The Role of Threaded Clients in a Distributed System

This chapter is the first of two that deal with threading. This chapter looks at the role of threading in the client application. The next chapter discusses how threading can improve the server side. The central focus in this chapter is using threading to improve the performance and responsiveness of a client.

But does multithreading improve performance? It actually depends on the task. If you are writing an intensive number-crunching algorithm that performs several calculations, using threads won't reduce the total time required to complete the operation. In fact, because the separate threads are competing for the CPU and slight overhead is required to switch from thread to thread, a multithreaded approach will probably complete more slowly than a single-threaded solution. (This isn't necessarily true if your computer has more than one CPU, in which case multiple threads might allow Windows to optimize execution by using more than one CPU at the same time. However, relatively few client computers have more than one processor.)

On the other hand, if you have an operation that has some latency, multi­threading can increase performance. If you have to make several XML Web service calls, for example, performing all of these calls at once from separate threads can save some significant time. If you invoke the methods consecutively, you'll spend time waiting for the first method to return and then spend time waiting for the second method to return, and so on. If you call the methods simultaneously, you can collapse your waiting time into one interval (as shown in Figure 6-1).

The possible benefits of threading depend on the bottleneck. In the example shown in Figure 6-1, the client is being held back by the speed of its Internet connection. It needs to wait for the request message to be forwarded to its destination (the Web server) and for the response message to be routed back. A similar technique can be used to optimize a network or database call, which also incurs some overhead and entails some waiting. As a rule of thumb, the longer the wait, the more of advantage you can reap by using a multithreaded design.

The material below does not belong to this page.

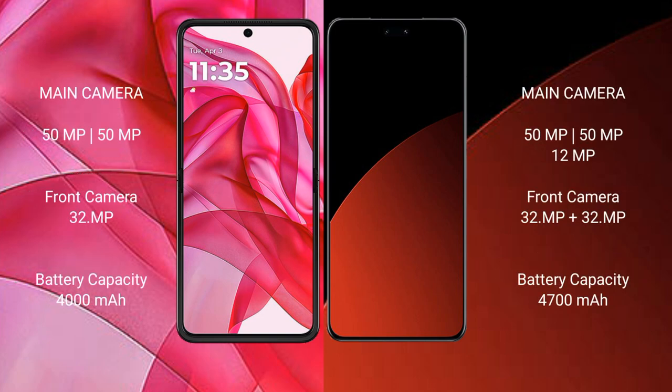Motorola RAZR 50 Ultra features a dual rear camera setup: 50MP plus 50MP, and a 32MP front camera. Xiaomi CB4 Pro features a triple rear camera setup: 50MP plus 50MP plus 12MP. Front camera is dual: 32MP plus 32MP.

If your threads are competing for finite resources on the client computer (such as the CPU), however, multithreading won't increase performance. Instead, it will cause all the operations to complete more slowly. In Figure 6-2, for example, the total time taken to complete the operations asynchronously is about the same as the time taken to complete them synchronously. In the asynchronous case, however, both operation A and operation B appear to take the full length of time before completing. In the synchronous case, operation A will complete more quickly. (Operation B will still take the full length of time because it won't be started until operation A ends.)

Of course, there's another reason to use multithreading. In many cases, particularly in the Internet world, a client uses threading to ensure that the user interface remains responsive. Imagine, for instance, that your application has a Get Info button that triggers a call to an XML Web service. If you don't use threading, the client will have to sit idly by while you download all the information. If you perform the call on a separate thread, however, the client can continue to interact with your user interface, performing different tasks. This might just be a user interface nicety, or it might have a genuinely useful purpose, such as enabling the user to cancel a long-running asynchronous process instead of forcing him to shut down the application. We'll look at an example at the end of this chapter that shows how threading can ensure a responsive client.

The value of threading also depends on the type of application. With a Windows application, multithreading is often used so that your code can ­perform several tasks while interacting with the user. With an ASP.NET application, however, this isn't the case. In an ASP.NET Web page, all the processing happens at once, and the final rendered HTML isn't sent to the client until all your code has finished executing. Therefore, using threading won't make the interface more responsive; it will just divide your tasks into more units of execution. (Of course, you might still use threading to collapse waiting times in certain scenarios. For example, if your ASP.NET Web page code needs to make multiple XML Web service calls, however, you can use threading to make all the calls at once, collapse your waiting time, and possibly return the page to the client a few seconds faster.)

Note

Multithreaded programming isn't always in your best interest. It adds a new level of complexity to client programs and can introduce unusual errors, difficult-to-detect bugs, and other coding nightmares. Quite simply, threading properly is no easy feat. Threads also require additional overhead because the operating system must track and schedule them. If you won't see an obvious benefit from adding threading, don't be afraid to leave it (and the additional locking and synchronization concerns) behind.